”Lailatul Qadri
khairummin alfi syahr” adalah salah satu penggalan ayat dalam Al-Quran (surat
Al-Qadr ayat ke-3)yang menerangkan tentang apa yang dimaksud dengan Lailautul
Qadr. Keterangan singkat yang menyisakan beribu pertanyaan lagi tentang hakikat
sebenarnya dari Lailatul Qadr. Ada yang menafsirkan secara numerik, bahwa
seribu bulan berarti sekitar 83 tahun, dengan begitu beribadah pada malam
diturunkannya Lailatul Qadr sama artinya dengan beribadah sebanyak tahun
tersebut.
Ada yang yang secara metafor menganggap bahwa seribu bulan
bermakna kebaikan yang banyak, meningkatnya kualitas ibadah. Seribu bulan juga
menunjukkan waktu yang panjang sehingga kemudian ia dikaitkan dengan kualitas
ibadah yang tidak pernah putus atau yang biasa dikenal dengan istiqamah
(konsisten). Sehingga ibadah yang dilakukan secara istiqamah, secara khusus
pasca Ramadhan adalah Lailatul Qadr itu sendiri.
Ada pula yang mengartikannya secara ikonik dan mitologis. Bahwa
lailatul Qadr memiliki tanda-tanda kedatangan kepada individu yang akan
diberikan seribu kelebihan berupa pemandangan pohon terbalik, air tidak keluar
dari wadahnya saat dipakai wudhu padahal diisi penuh. Atau semburat cahaya yang
jatuh tepa didepan sendiri. Yang jika memanjatkan doa pada saat tanda-tanda itu
muncul, secepat mungkin doa itu akan terkabul.
Tafsir akan selalu menjadi inspirasi bagi pemeluknya. Dalam
hal tafsir Lailatul Qadr dan dari sekian banyak tafsir tentangnya, kitalah yang
memilih yang mana akan kita yakini dan itu akan menginsipirasi kita dalam
sikap.

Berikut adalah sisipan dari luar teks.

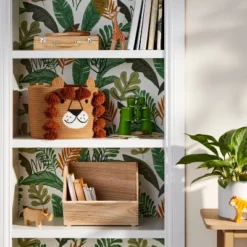 Pillowfort 32 Stackable Wood Kids' Storage Bin Light Brown - Pillowfort™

Jika kita meyakini tafsirnya yang numerik, mungkin kita akan
hitung-hitung balasan pahala ibadah kita dan merasa puasa hanya sekedar
memperbanyak ibadah pada hari ganjil.
Lalu jika kita meyakini tafsir ikonik atau mitosnya, bisa
jadi malah kita malas beribadah, karena menganggap Lailatul Qadr tidak ada
kaitannya dengan ibadah itu sendiri. Ia bak Jin yang keluar dari lampu ajaib
dan bertanya kepada empunya “silakan mengajukan satu permintaan”, darr, apa
yang diminta lantas terwujud.
Dan bagi yang meyakini tafsir metafornya, akan fokus pada
peningkatan ibadah tanpa memilah milih ganjil genapnya hari-hari akhir
Ramadhan. secara terus menerus ia melakukan intropeksi diri dalam rangka
perbaikan kualitas ibadah. Baginya, kualitas ibadah yang terus menerus membaik
adalah wujud nyata dari Lailatul Qadr.